=== Records supplied ===

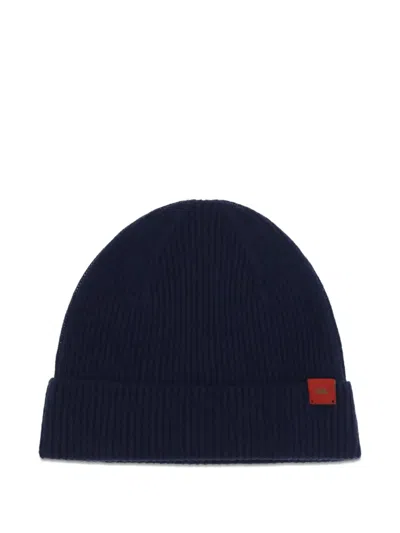 Kiton Ribbed-knit Beanie Hat In Blue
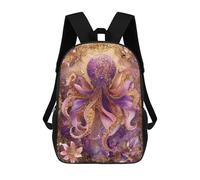 sinyumoney Glamorous Octopus Art Print 3D Printed 17inch Kids School Backpack School Bag Fashion Rucksacks for Boys Elementary And Middle School Students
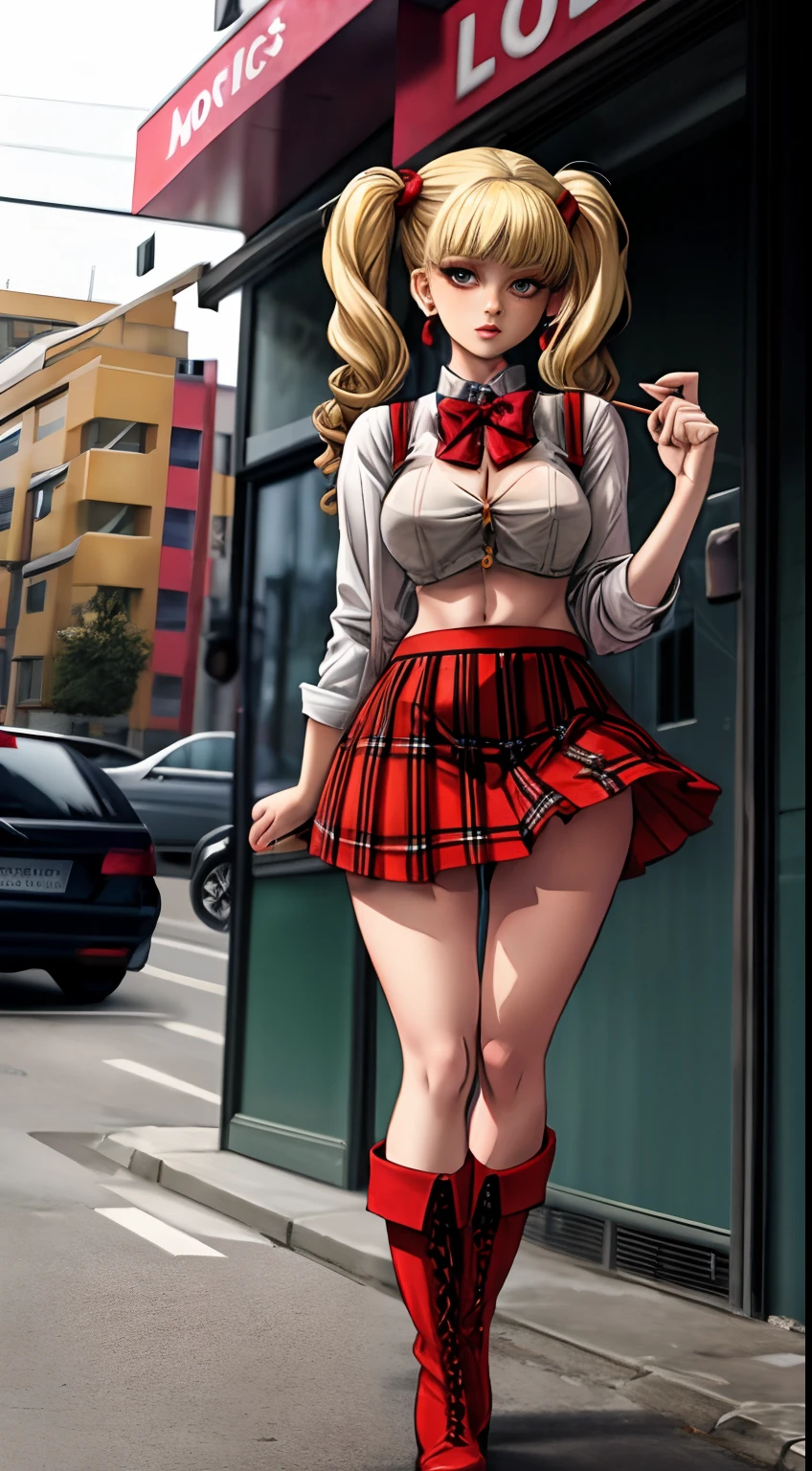 full-body shot, gorgeous woman, blonde, red tartan short skirt, knee high white socks, button up shirt, midriff, pigtails, cleavage, bowtie, boots, lollipop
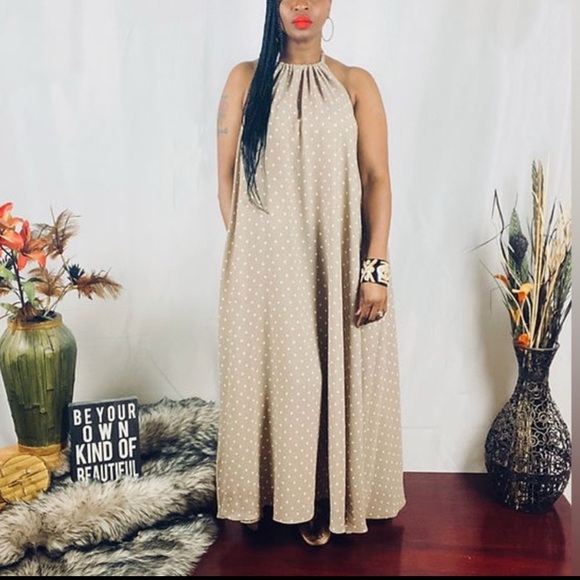 karen tee designs Dresses & Skirts - Karen Tee Marylin Polka Dot Halter Dress Bohemian pockets beach resortwear vibe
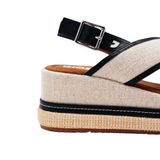 Gioseppo - Belligan 74265-P_Negro - Sandalias con cuña de 6,5 cm. y plantilla acolchada - Mujer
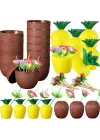 Ananas &amp; Hindistan Cevizi Tasarımlı Pipetli Bardak Seti (6 Adet)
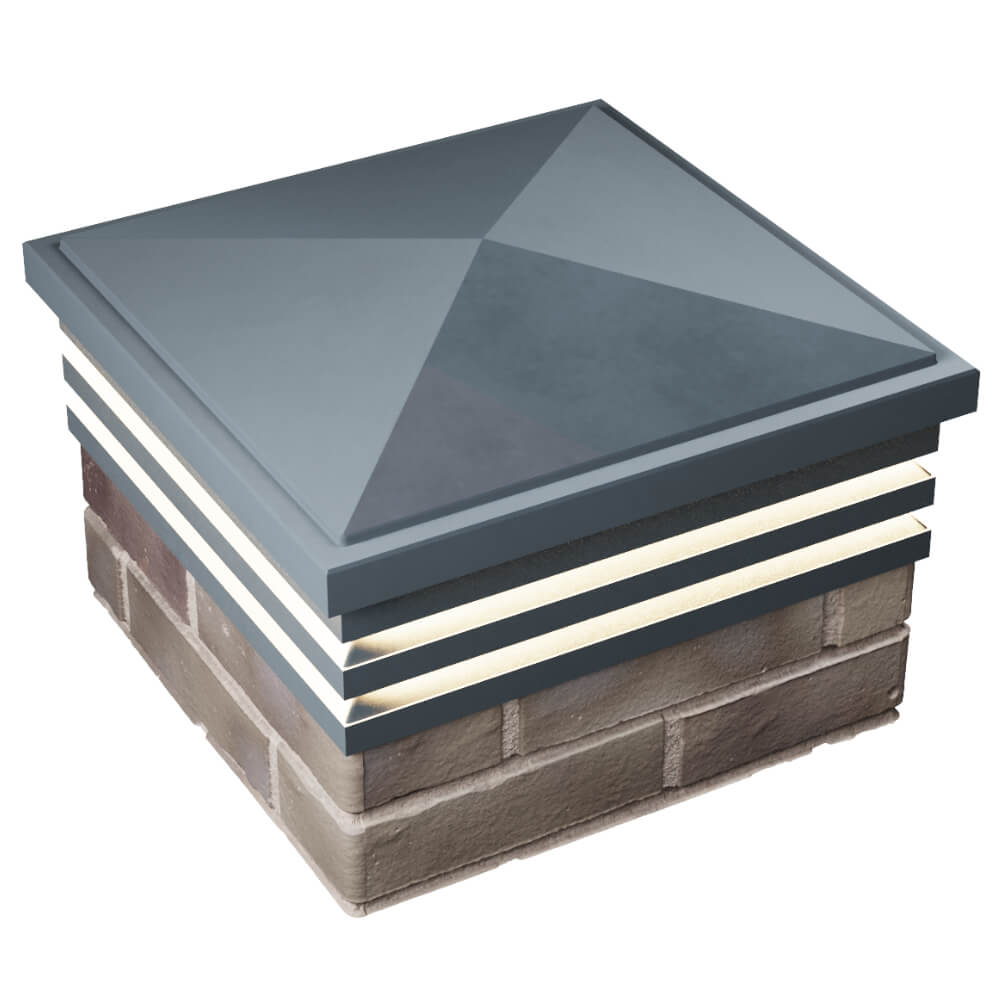 Колпак Zking Бона ХайТек Серый на столб 1.5х1.5 кирпича (385х385мм) с подсветкой в Клину фото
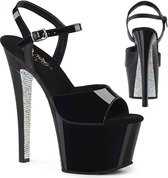 Pleaser - SKY-309CRS Sandaal met enkelband, Paaldans schoenen - Paaldans schoenen - 35 Shoes - Zwart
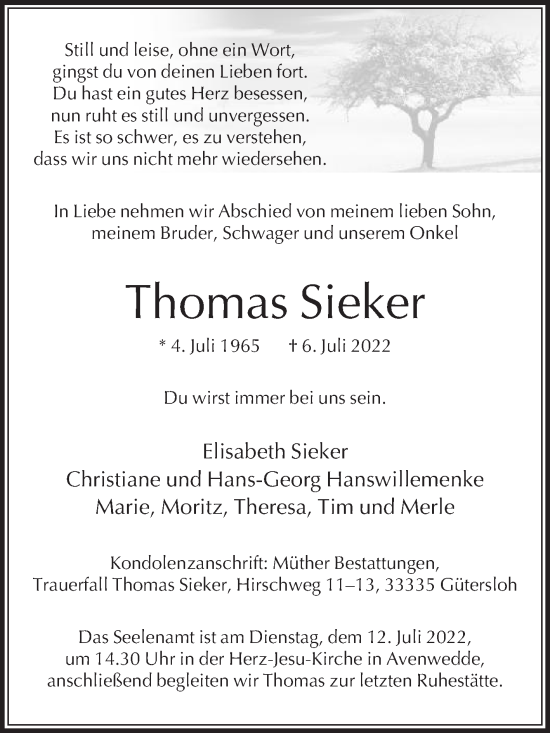 Traueranzeige von Thomas Sieker von Die Glocke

===

### Problem to work on
Please restate, word for word, the lines from the one with "Ananas &amp; Hindistan" through the final line of the material, both included, and omit the pictures.

### Result of this exercise
 Ananas &amp; Hindistan Cevizi Tasarımlı Pipetli Bardak Seti (6 Adet)
 Колпак Zking Бона ХайТек Серый на столб 1.5х1.5 кирпича (385х385мм) с подсветкой в Клину фото
 Pleaser - SKY-309CRS Sandaal met enkelband, Paaldans schoenen - Paaldans schoenen - 35 Shoes - Zwart
 Traueranzeige von Thomas Sieker von Die Glocke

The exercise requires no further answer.